In R, I'm trying to read in a basic CSV file of about 42,900 rows (confirmed by Unix's wc -l). The relevant code is

vecs <- read.csv("feature_vectors.txt", header=FALSE, nrows=50000)

where nrows is a slight overestimate because why not. However,

>> dim(vecs)
[1] 16853     5

indicating that the resultant data frame has on the order of 17,000 rows. Is this a memory issue? Each row consists of a ~30 character hash code, a ~30 character string, and 3 integers, so the total size of the file is only about 4MB.

If it's relevant, I should also note that a lot of the rows have missing fields.

Thanks for your help!

bartektartanus
  • 15,284
  • 6
  • 74
  • 102
Cardano
  • 931
  • 1
  • 8
  • 14
  • Have you looked to see whether the rows that *were* imported were imported correctly? – blahdiblah Jul 03 '12 at 23:02
  • 5
    My guess is that you have embedded unmatched `"`. So some of your rows are actually much longer than they should be. I'd do something like `apply(vecs, 2, function(x), max(nchar(as.character(x)))` to check. – Justin Jul 03 '12 at 23:08
  • Yup! Justin got it. Adding `quote=""` fixed the problem. – Cardano Jul 03 '12 at 23:16
  • @Justin, please put this as an answer so Cardano can accept it as the correct solution to his problem. :) – Roman Luštrik Jul 04 '12 at 09:47
  • For the record, it's also the case that `read.table` can do some really screwy things if `fill=TRUE` and rows *after* the first five have more fields than any in the first five ... this is referred to obliquely in the help file ... – Ben Bolker Jul 04 '12 at 14:45

2 Answers2

4

This sort of problem is often easy to resolve using count.fields, which tells you how many columns the resulting data frame would have if you called read.csv.

(n_fields <- count.fields("feature_vectors.txt"))

If not all the values of n_fields are the same, you have a problem.

if(any(diff(n_fields)))
{
  warning("There's a problem with the file")
}

In that case look at values of n_fields that are different to what you expect: the problems occur in these rows.
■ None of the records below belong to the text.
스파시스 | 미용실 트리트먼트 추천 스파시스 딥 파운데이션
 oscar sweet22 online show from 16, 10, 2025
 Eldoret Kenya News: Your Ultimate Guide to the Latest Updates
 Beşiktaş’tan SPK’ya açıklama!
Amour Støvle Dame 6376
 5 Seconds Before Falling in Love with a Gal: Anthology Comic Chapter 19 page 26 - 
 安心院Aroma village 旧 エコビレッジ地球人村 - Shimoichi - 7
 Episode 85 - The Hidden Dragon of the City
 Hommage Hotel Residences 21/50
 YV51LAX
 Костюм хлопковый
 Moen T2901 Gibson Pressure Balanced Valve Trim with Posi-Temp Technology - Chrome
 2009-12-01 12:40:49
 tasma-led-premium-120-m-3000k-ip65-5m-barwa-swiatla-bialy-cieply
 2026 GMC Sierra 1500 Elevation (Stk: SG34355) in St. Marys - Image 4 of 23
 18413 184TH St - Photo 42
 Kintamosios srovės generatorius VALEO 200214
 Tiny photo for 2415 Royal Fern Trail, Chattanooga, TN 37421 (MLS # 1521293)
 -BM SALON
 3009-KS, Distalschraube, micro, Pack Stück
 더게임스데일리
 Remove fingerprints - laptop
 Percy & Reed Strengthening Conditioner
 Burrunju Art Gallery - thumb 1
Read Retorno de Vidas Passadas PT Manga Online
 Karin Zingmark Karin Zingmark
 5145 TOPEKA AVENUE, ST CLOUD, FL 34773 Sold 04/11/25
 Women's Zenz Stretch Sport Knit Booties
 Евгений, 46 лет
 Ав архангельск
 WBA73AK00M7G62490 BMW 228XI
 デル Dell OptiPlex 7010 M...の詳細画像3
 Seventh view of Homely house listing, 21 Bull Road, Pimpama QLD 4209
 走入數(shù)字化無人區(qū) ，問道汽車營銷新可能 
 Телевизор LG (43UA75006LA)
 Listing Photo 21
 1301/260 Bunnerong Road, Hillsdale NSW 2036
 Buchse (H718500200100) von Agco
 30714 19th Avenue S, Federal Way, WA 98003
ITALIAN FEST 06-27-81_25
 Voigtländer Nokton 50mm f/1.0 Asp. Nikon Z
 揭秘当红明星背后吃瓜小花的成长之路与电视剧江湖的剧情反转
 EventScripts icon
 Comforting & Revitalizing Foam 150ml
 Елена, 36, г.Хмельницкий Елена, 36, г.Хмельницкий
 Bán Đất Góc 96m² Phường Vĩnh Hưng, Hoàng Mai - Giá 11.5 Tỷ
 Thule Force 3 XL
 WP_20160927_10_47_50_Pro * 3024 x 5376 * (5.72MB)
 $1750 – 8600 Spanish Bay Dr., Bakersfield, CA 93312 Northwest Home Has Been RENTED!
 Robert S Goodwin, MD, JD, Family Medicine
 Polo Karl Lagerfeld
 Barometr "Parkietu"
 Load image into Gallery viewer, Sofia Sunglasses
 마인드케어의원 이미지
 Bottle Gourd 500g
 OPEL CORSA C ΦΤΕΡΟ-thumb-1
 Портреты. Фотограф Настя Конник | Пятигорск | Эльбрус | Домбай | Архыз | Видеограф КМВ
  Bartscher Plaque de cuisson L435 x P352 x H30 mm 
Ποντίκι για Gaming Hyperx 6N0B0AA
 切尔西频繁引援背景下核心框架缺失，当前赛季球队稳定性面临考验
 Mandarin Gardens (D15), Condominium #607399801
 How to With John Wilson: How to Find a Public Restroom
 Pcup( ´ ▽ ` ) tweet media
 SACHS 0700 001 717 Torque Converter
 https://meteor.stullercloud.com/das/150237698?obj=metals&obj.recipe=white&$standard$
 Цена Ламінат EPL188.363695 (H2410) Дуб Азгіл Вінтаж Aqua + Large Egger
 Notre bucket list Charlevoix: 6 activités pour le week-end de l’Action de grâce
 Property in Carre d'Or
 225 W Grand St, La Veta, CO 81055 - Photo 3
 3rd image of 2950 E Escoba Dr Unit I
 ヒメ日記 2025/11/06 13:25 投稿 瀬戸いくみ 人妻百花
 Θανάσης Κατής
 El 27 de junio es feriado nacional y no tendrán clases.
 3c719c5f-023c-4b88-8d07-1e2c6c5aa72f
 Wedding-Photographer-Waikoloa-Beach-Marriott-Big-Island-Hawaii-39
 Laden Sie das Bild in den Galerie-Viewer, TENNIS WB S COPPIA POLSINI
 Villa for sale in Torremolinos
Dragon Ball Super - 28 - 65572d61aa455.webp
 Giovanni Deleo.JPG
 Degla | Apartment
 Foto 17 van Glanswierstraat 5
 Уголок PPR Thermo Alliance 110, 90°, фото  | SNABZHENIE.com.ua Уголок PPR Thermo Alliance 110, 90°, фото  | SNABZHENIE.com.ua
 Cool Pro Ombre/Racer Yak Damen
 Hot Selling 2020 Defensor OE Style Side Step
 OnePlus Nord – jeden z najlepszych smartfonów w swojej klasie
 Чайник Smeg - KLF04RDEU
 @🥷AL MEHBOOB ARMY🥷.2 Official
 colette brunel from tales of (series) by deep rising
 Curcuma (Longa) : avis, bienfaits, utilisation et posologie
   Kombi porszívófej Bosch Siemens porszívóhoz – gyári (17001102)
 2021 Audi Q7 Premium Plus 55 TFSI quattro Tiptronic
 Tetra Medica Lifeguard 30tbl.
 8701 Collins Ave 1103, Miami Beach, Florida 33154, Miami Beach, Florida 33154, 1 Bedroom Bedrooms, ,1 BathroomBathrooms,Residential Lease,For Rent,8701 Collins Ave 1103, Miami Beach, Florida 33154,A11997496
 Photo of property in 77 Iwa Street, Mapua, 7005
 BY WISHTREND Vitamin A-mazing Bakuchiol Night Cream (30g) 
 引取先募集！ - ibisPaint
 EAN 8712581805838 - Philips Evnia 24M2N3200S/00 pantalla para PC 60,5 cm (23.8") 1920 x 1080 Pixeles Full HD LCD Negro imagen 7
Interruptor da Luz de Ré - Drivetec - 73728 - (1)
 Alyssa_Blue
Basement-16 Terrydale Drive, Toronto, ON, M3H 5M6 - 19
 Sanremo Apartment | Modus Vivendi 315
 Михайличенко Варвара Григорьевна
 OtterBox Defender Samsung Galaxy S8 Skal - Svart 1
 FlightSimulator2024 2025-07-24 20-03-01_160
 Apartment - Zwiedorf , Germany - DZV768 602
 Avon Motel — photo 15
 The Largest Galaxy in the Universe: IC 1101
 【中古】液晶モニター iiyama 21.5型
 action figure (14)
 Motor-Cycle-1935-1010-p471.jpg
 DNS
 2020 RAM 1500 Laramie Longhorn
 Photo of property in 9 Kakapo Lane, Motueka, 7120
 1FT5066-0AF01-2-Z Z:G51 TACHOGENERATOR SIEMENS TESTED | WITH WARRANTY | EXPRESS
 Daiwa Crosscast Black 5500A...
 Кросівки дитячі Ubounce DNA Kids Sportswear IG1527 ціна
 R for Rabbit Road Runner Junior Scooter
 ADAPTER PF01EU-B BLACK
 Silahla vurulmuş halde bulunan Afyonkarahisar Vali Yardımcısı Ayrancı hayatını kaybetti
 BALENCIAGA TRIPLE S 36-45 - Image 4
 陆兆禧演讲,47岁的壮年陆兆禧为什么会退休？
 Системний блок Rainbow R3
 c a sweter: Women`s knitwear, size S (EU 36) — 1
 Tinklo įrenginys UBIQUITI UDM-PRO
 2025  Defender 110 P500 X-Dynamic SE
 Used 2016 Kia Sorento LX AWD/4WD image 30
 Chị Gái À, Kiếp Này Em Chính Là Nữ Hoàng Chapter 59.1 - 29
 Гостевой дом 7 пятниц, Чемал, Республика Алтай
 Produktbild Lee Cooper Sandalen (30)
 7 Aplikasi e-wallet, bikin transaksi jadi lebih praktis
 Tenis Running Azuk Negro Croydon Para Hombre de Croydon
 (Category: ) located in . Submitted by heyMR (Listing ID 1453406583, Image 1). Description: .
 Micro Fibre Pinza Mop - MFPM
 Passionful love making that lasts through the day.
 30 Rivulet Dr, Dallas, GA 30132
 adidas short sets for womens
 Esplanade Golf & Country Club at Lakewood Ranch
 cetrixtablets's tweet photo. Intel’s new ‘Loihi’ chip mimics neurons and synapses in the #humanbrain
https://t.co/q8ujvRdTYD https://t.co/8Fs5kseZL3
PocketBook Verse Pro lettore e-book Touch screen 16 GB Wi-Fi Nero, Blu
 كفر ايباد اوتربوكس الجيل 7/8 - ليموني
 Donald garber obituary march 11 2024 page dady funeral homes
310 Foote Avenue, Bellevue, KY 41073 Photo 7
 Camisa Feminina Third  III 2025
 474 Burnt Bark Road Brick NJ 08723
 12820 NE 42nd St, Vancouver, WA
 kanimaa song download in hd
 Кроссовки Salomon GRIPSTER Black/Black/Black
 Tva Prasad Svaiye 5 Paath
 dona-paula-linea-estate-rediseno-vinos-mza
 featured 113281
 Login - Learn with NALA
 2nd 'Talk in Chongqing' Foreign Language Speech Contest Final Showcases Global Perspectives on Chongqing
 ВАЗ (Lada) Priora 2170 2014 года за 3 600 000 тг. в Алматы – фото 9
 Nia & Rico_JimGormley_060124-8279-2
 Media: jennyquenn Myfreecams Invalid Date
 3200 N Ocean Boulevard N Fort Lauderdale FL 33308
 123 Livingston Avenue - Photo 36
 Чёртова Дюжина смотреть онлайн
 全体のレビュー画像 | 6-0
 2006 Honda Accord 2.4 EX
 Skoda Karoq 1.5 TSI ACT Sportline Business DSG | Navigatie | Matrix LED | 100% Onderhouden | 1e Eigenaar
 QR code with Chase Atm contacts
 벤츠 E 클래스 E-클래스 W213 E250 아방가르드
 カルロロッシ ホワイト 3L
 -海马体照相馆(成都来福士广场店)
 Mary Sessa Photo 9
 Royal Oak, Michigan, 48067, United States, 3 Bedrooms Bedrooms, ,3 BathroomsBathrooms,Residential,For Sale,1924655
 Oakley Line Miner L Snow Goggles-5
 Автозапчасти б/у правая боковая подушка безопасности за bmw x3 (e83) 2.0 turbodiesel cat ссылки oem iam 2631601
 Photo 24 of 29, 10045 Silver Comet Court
As Justin mentioned, a common problem is unmatched quotes. Open you CSV file and find out how strings are quoted there. Then call read.csv, specifying the quote argument.

Richie Cotton
  • 118,240
  • 47
  • 247
  • 360
3

My guess is that you have embedded unmatched ". So some of your rows are actually much longer than they should be. I'd do something like apply(vecs, 2, function(x), max(nchar(as.character(x))) to check.

Justin
  • 42,475
  • 9
  • 93
  • 111